Sooo, this is a book I’ve now read. I’ve finished it and that’s kind of the only feeling I have about it. It’s 470 pages long. The protagonist doesn’t meet the antagonist until ~page 300, doesn’t understand his nature until about page 400 and ALL of the action happens in the last few pages (and ends in tragedy) The writing is actually lovely, but there really needs to be a lot less of it. The book is too long by half. 

Beyond that, my only real complaint is how well-spoken EVERYONE is and how absurdly perfect Perdita is. At one point the antagonist says of/to her, “Hardly a new month arrives without some report of your exploits, of your compassion, heroism, even.” And it’s true. She’s far too perfect, even performing a rudimentary tracheostomy with a spinning bobbin at one point!

I won’t call this a bad book, and I’m glad to have read a local author’s book, but I’m kind of glad to be done with it. On a side note: despite the cover, this is gothic horror, not romance of any sort.

Review of First Rodeo, by Judith Hennessey

First RodeoI won a copy of Judy Hennessey‘s First Rodeo through Goodreads. It was an extra surprise as Hennessey is a local-to-me author and half of it is set in Saint Louis, where I live.

Description from Goodreads:
Kate, an attractive, thirty-something, workaholic, single mother, is in the business of pleasing others. At the top of her yes list is her sometimes surly and controlling boss: her father. But when a crisis at work spurs Kate to examine her life, she surprises everyone by taking her young son and heading where few high heels have ever gone: Wyoming, home to more cows than humans. There, at the Prickly Pair Ranch, she meets a young, sexy, bull rider, who s lived a lifetime in just over two decades. He s full of big dreams of training horses, and his passion fuels Kate s dormant dreams of becoming an artist, and sparks fly and once again, Kate shocks everyone, even herself, and jumps on for the romantic ride of her life.

Review:
Yeah….NO!
First and foremost, this is not, I repeat, NOT a romance.
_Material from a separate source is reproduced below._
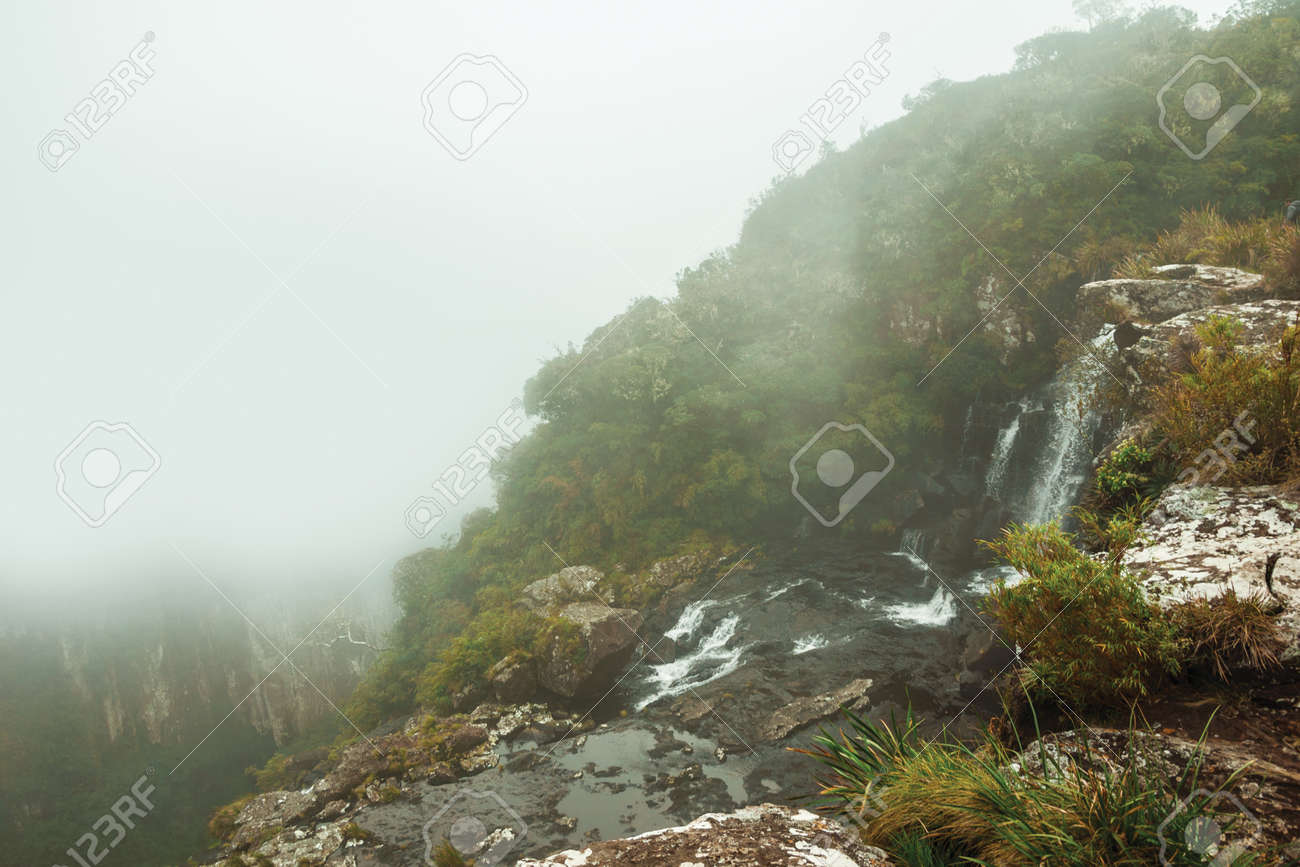 Black Tiger waterfall on cliff from a deep valley with mist at Serra Geral National Park near Cambara do Sul. A small country town in southern Brazil with amazing natural tourist attractions. - 136127270 Black Tiger waterfall on cliff from a deep valley with mist at Serra Geral National Park near Cambara do Sul. A small country town in southern Brazil with amazing natural tourist attractions. - 136127270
And that is fine of course, but I really feel like it is billed as one. So, it not being one felt like a bait and switch. Moving on.
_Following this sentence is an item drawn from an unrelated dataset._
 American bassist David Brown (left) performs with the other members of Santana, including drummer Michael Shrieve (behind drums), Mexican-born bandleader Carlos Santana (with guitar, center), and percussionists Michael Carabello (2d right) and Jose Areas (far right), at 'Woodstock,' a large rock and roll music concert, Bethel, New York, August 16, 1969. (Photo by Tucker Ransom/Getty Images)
I did not understand the choices Kate made in this book, starting with the insta-love between her and a man 13 years younger than her. The age gap didn’t bother me, but them having nothing in common and the instant relationship sure did. What was all that love based on? I saw nothing. Then, just about every decision she made baffled me. I could not relate.

In the end, I didn’t feel like I got any significant closure on the Jake front. He’s basically Brad Pit’s character from Thelma & Louise, except Kate tried to keep him. The events toward the end of the book (avoiding a spoiler here) came about as quickly as their relationship started. There was no buildup or gradual change.

I think what bothered me so much about it was that for most of the book you have dual POVs, making this feel like the story of them. Then when that suddenly changes and you realize it’s only supposed to be her story it feels like a bait and switch, just like the blurb. He is relegated to unimportant, but you’ve just spend significant time in his head. So, it’s hard to just dismiss him as the plot device he was.

I appreciate the theme of making yourself happy, instead of depending on another for it and some of the mysticism was interesting, though I didn’t really think it fit the rest of the story. All in all, I suppose there will be some who really like this. I’m not one of them. It was an ok book, but not my cup of tea.

As an aside, there was something odd going on with the page numbering. A whole chunk (~30 pages) was out of order. They were all there, just muddled up. I won the book on GR, so maybe it’s an ARC (though it’s not labeled as one).


What I’m drinking: It’s National Coffee Day. Yeah, that’s a real think; so coffee.